- WORK ORDER -
Starting at the line that contains "Hilton Sacramento Arden West Exterior foto", write out each line exactly through the last one in the material below, and nothing more; omit all pictures.

- RECORDS TO PROCESS -

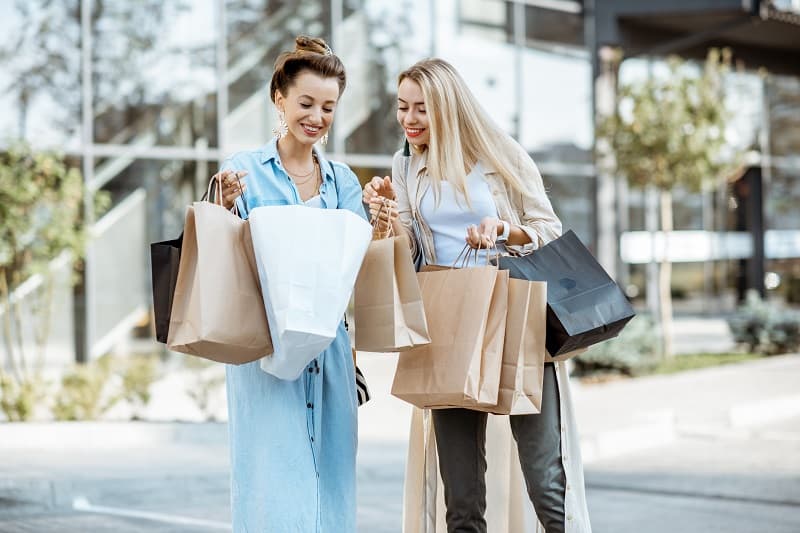 women shopping tax free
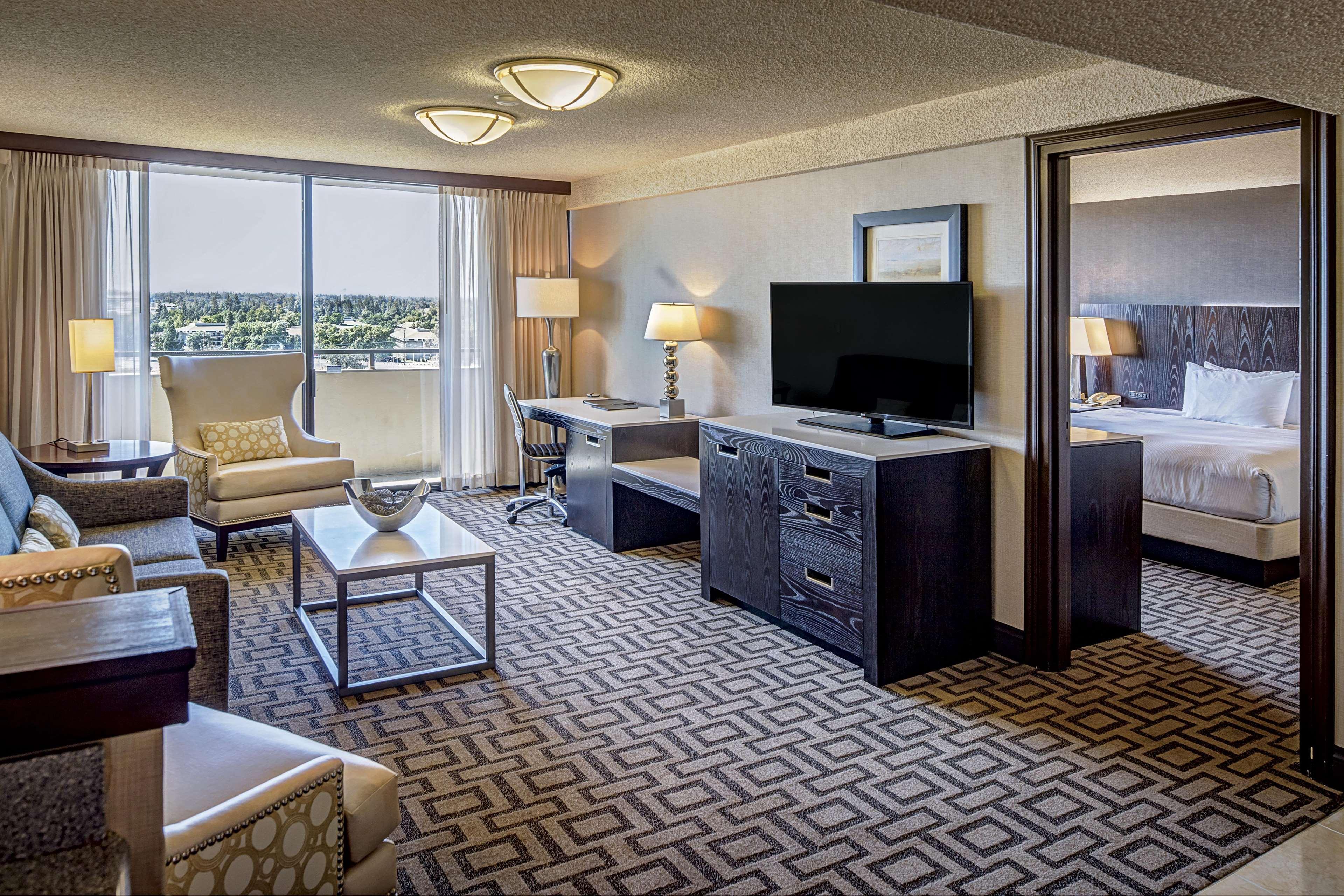 Hilton Sacramento Arden West Exterior foto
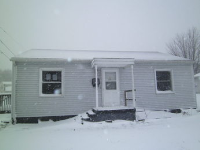 1002 Cypress St, Muscatine, IA 52761 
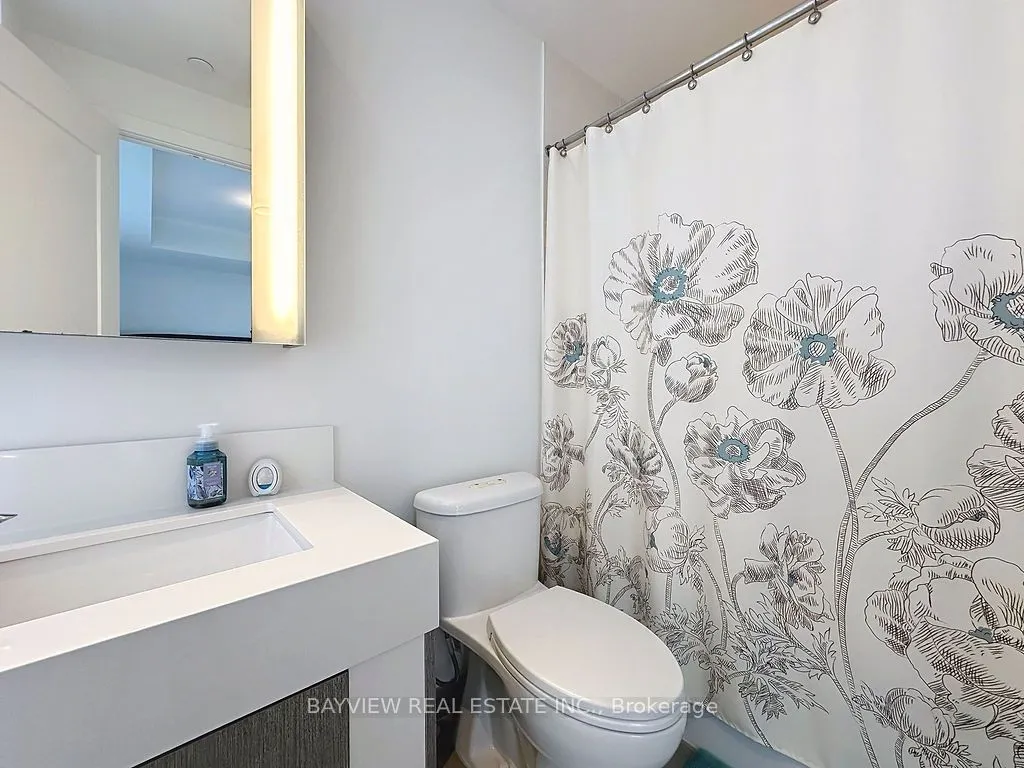 10 York Street #4110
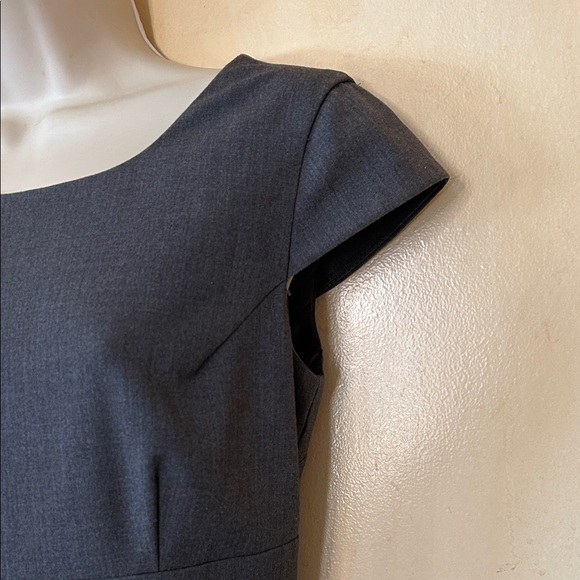 Calvin Klein Dark Gray Business Casual Dress size 4 - Picture 4 of 12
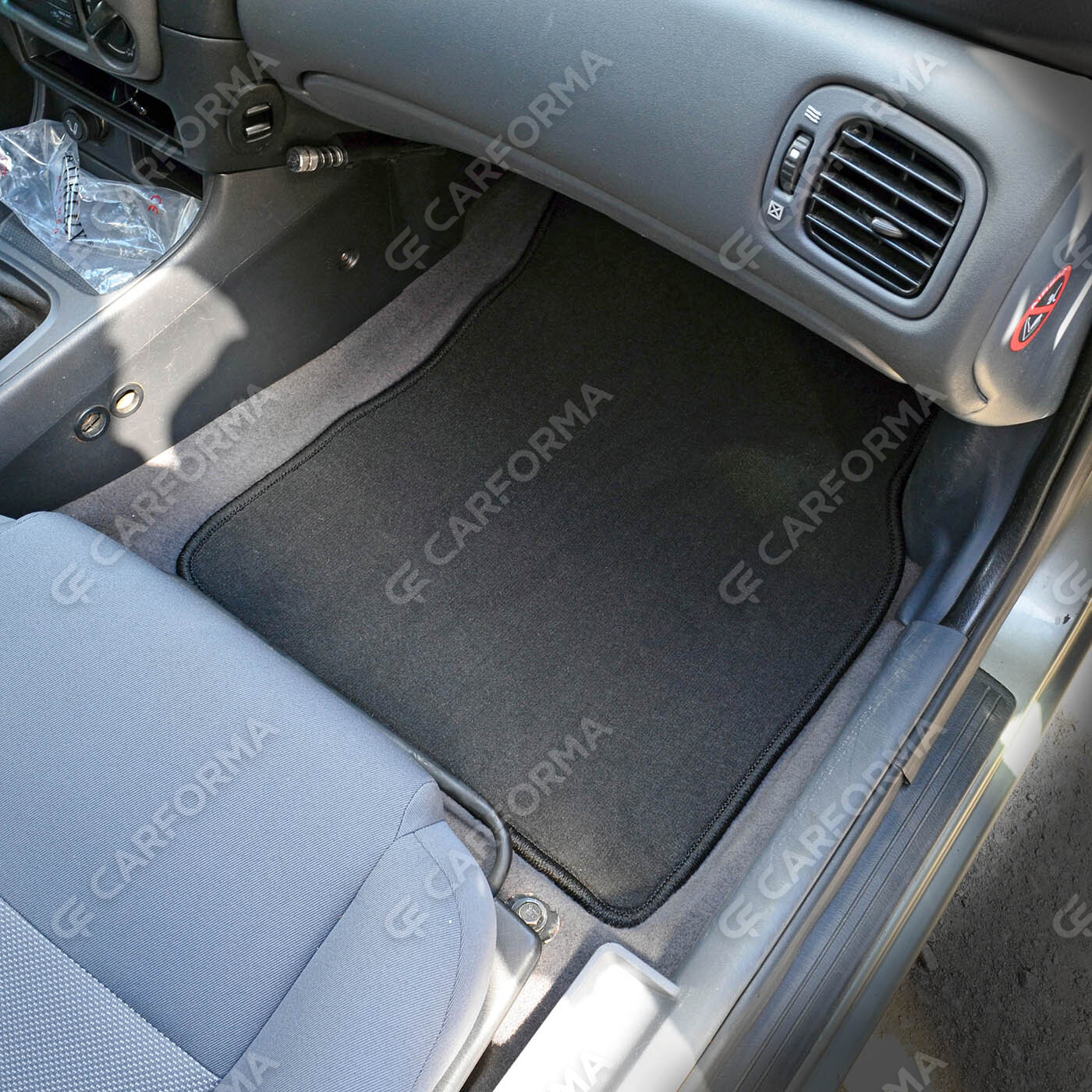 Ворсовые коврики на Nissan Almera 2 (N16) 2000&nbsp;-&nbsp;2006 в Кемерово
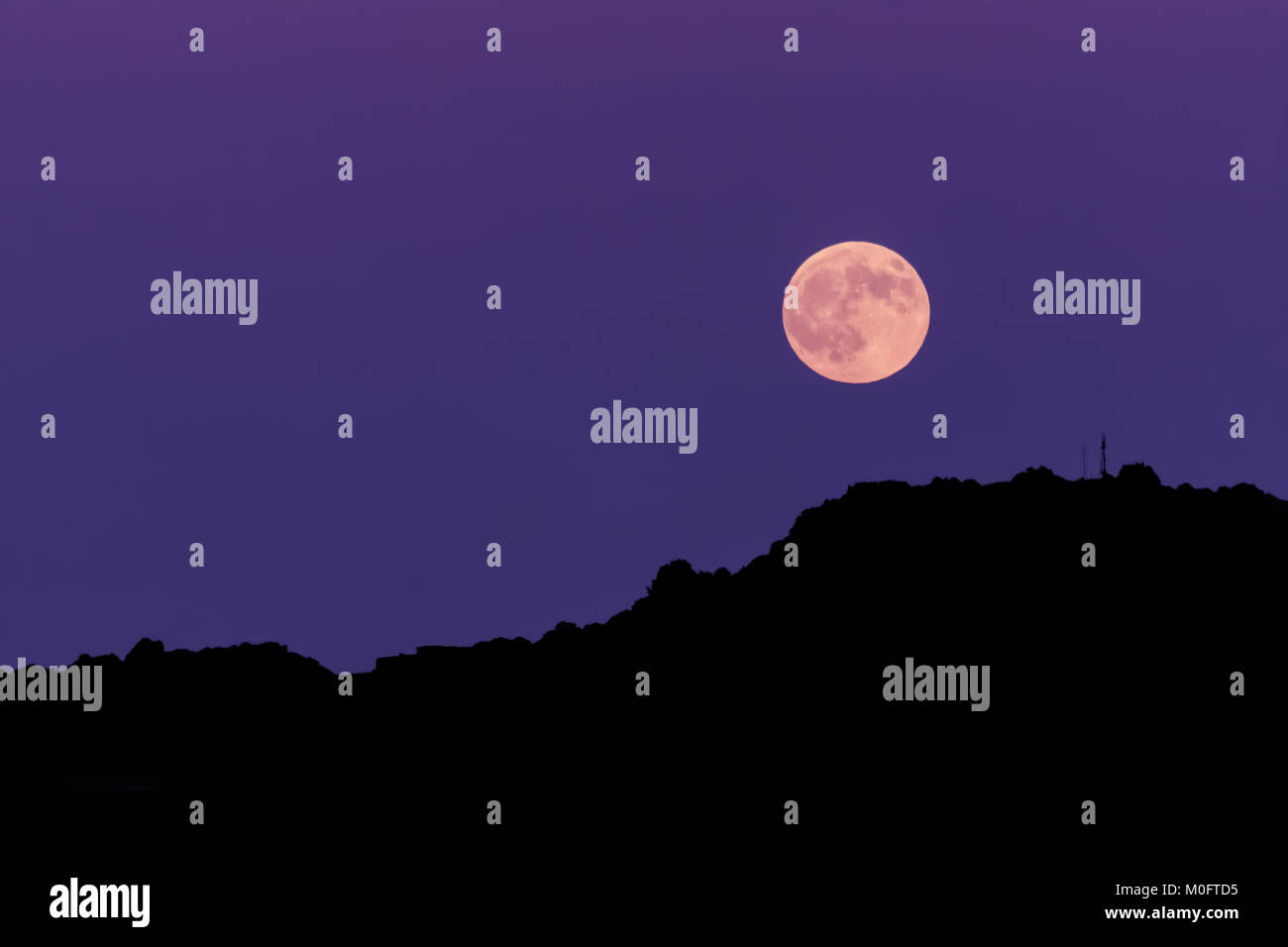 Uv-Nachthimmel mit Full moon Silhouette erschossen. Stockfoto
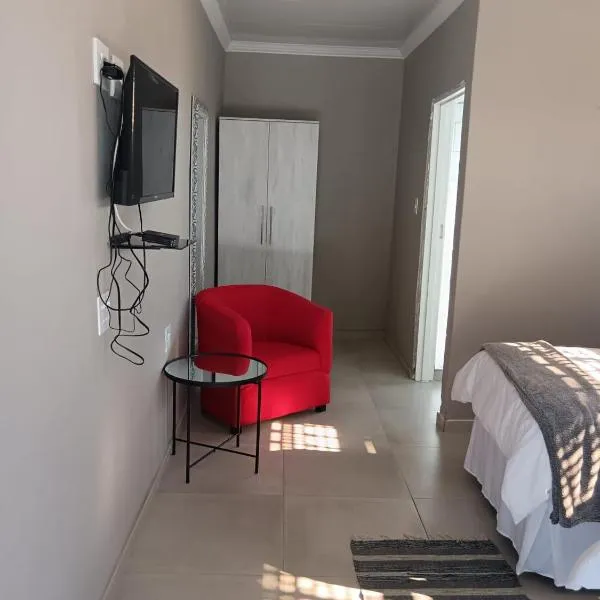 The Space Guesthouse Mondlo, hotel a Mondlo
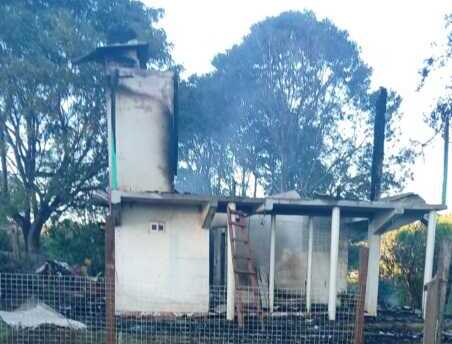 Incendio destruyó una vivienda en Tobuna y no hubo personas heridas En el lugar trabajaron efectivos de bomberos de San Pedro.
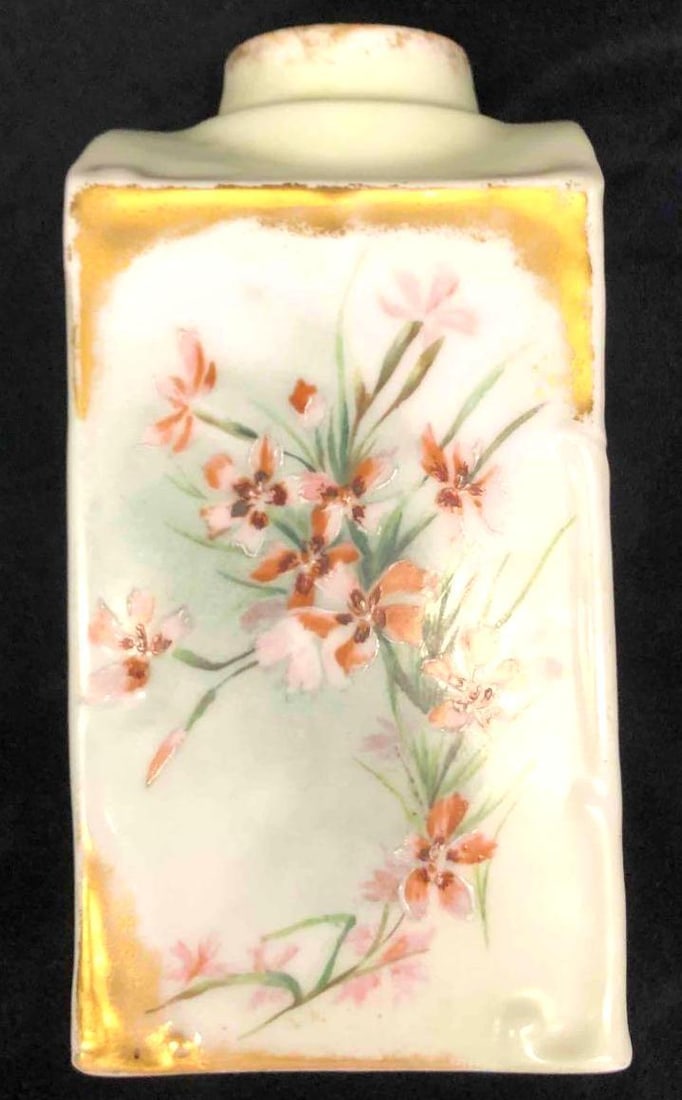 Vintage Elitse S M Limoges Porcelain Vase: This lot contains a vintage Elite S M Limoges porcelain vase. This vase was made in Limoges France by the Bawo & Dotter company. This company originally imported porcelain mainly from Limoges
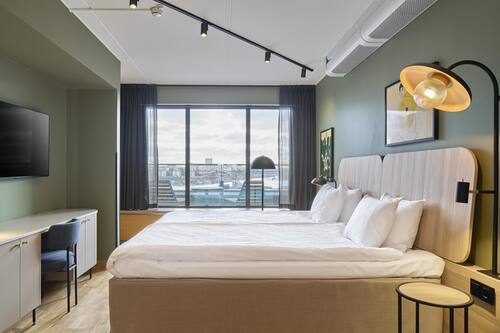Junior Suite | In-room safe, desk, iron/ironing board, free WiFi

- RESULT OF THE TASK -
 Hilton Sacramento Arden West Exterior foto
 1002 Cypress St, Muscatine, IA 52761 
 10 York Street #4110
 Calvin Klein Dark Gray Business Casual Dress size 4 - Picture 4 of 12
 Ворсовые коврики на Nissan Almera 2 (N16) 2000&nbsp;-&nbsp;2006 в Кемерово
 Uv-Nachthimmel mit Full moon Silhouette erschossen. Stockfoto
 The Space Guesthouse Mondlo, hotel a Mondlo
 Incendio destruyó una vivienda en Tobuna y no hubo personas heridas En el lugar trabajaron efectivos de bomberos de San Pedro.
 Vintage Elitse S M Limoges Porcelain Vase: This lot contains a vintage Elite S M Limoges porcelain vase. This vase was made in Limoges France by the Bawo & Dotter company. This company originally imported porcelain mainly from Limoges
Junior Suite | In-room safe, desk, iron/ironing board, free WiFi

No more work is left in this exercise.